Book Review – Snow by Orhan Pamuk

A great story of an elusive love and heartbreak against a political backdrop in modern day Turkey by the great story teller. An exiled poet Ka returns back to his hometown of Kars to investigate the suicide by young girls forbidden to wear head scrafs. He accepted the assignment drawn by a misplaced hope of winning over Ipek his long lost love who is now recently dovorced.

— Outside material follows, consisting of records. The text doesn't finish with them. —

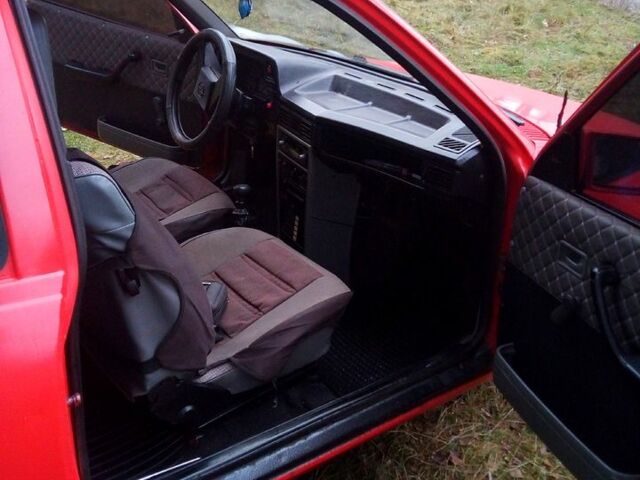 Опель Кадет, объемом двигателя 1.3 л и пробегом 125 тыс. км за 650 $, фото 6 на Automoto.ua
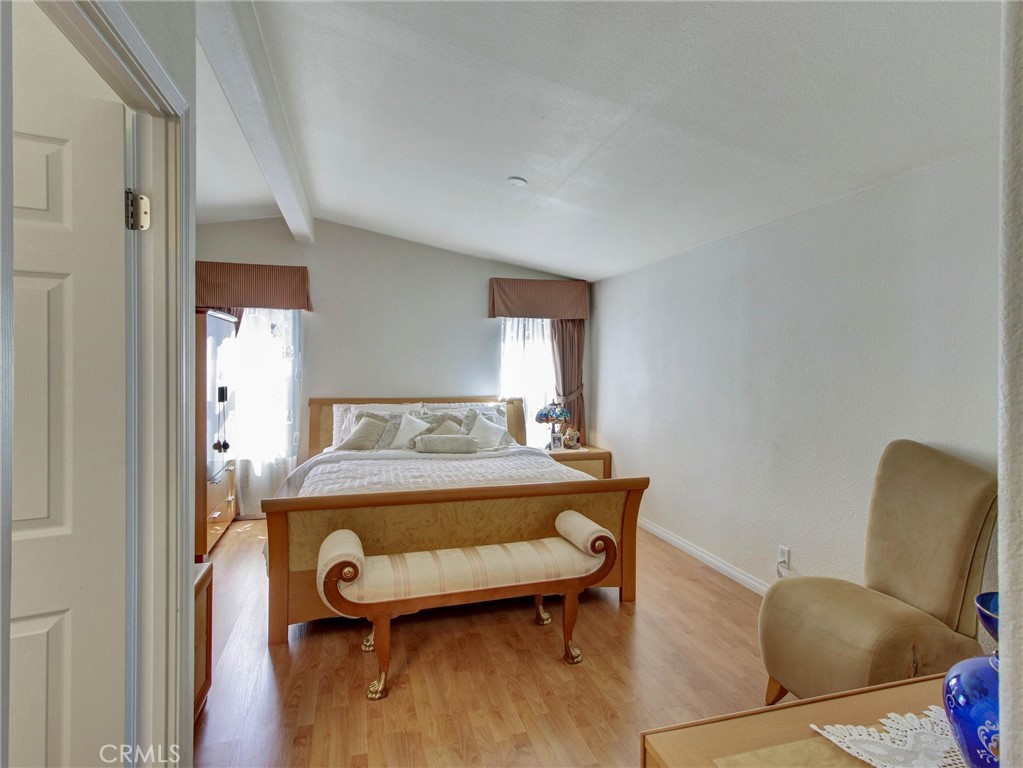 2550 Pacific Coast Highway 51 Property Photo 17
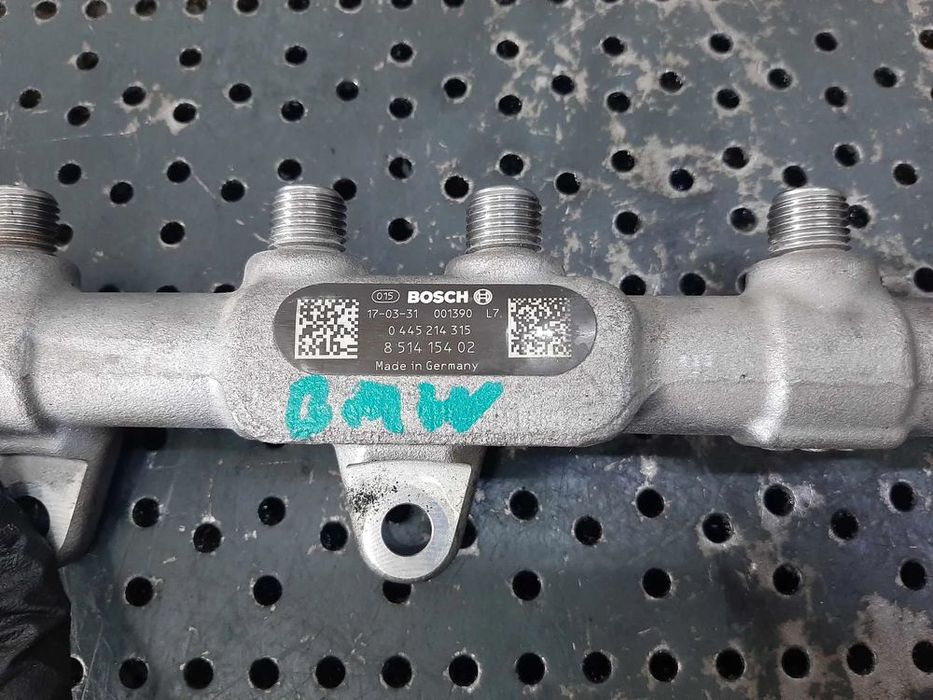 rampa injectoare 2.0 d bmw seria 55 f10 f11  bmw seria 2 f45 f46  x1 f48  x2 f39 f30 f31 0445214315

The backdrop of the story is constant snowfall which prompts the poet to write poems tagging to the different corners of a snowflake. When poems come to him, he would find a lonely corner to write it into a blue book which was eventually lost after he was murdered back in Germany. The story shows the dillemma the dogmatic rules of religion causes in the society which longs for freedom. In the story poet crosses his path with number of interesting characters including charismatic Blue, an Islamic terrorist wanted to crush any retort to religious dogmas, Ipek and her sister, Ipek’s ex-husband, a modernist turned Islamist. Overall book shows how religion would ultimately uproot the secular credentials of any society and turn it into a burning hell where radicals would always be at loggerheads with moderates.

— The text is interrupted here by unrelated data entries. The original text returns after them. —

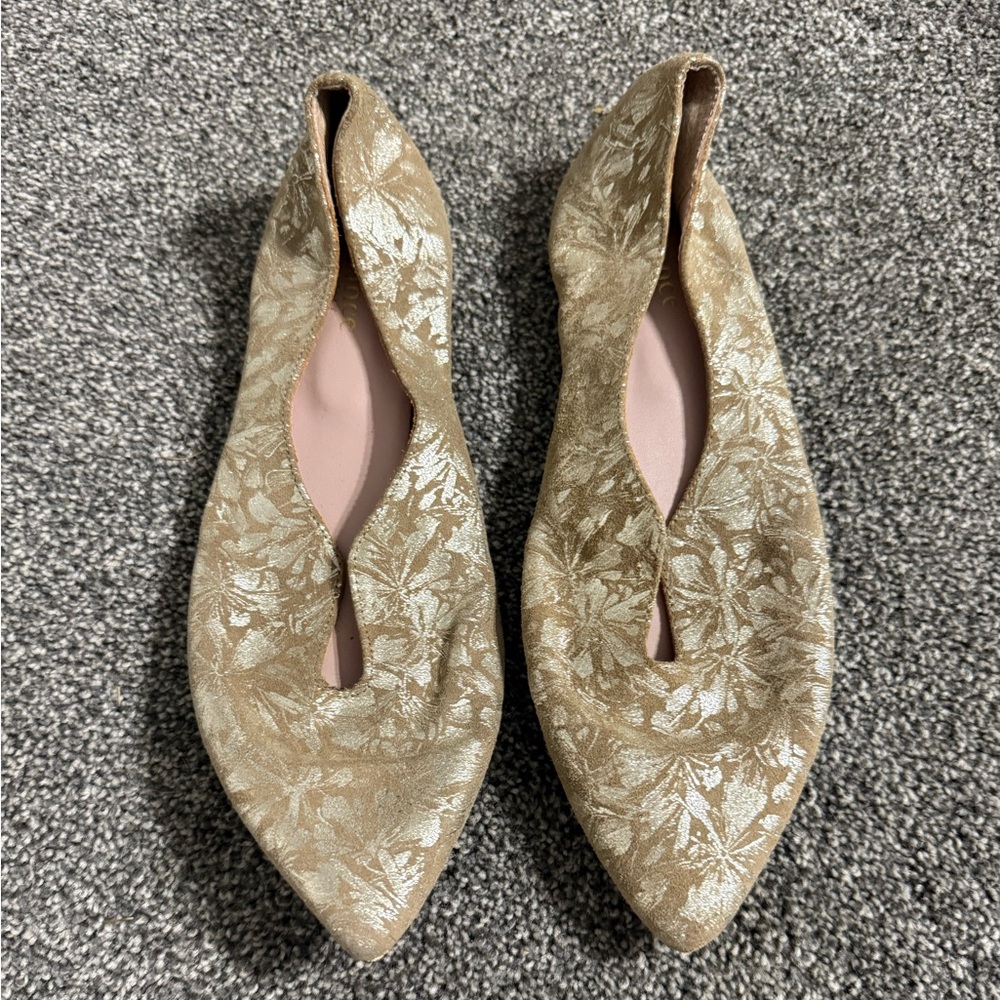 Sundance Cream and Pink Velvet Flats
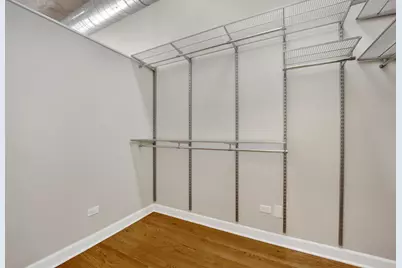 1071 W 15th Street #109, Chicago, IL 60608 - Photo 18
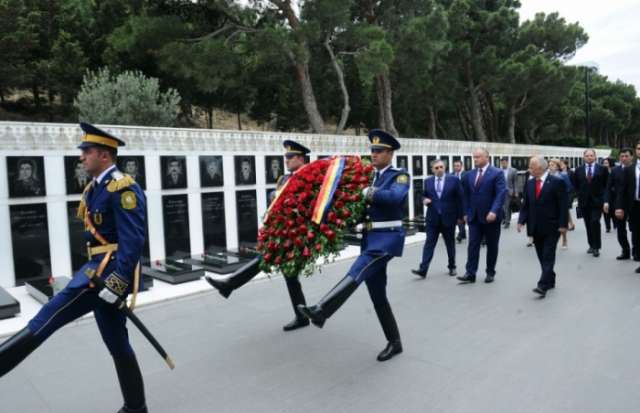 Moldovan president visits Alley of Martyrs in Baku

In particular the book highlights the challenge Islam in particular has where it’s rigid dogma causes a constant anxiety among its followers always questioning their belief to the core tenets of religion. The whole society is ultimately driven to madness to prove that they are true to Islam and not hypocrites which are destined to rot in the worst of hell. That madness is metaphorically depicted by the author in the massacre at the theater which killed his only hope to secure his happiness.

Ka is driven by a lingering hope to get Ipek back with him to Germany which was an elusive happy paradise he has been searching all his life. Ipek gave hope but retraced her steps at the last moment breaking Ka and ultimately led to his murder.

In Snow, Orhan tries to unravel the conflict in modern Turkey between modernity and fundamentalist Islam which is reflective of the struggle in every Islamic society at present. It’s an important book to understand the challenges Islamic societies face today and readers will get more insights into that inner struggle in these societies than they would ever get by reading history books or any other non-fiction commentary.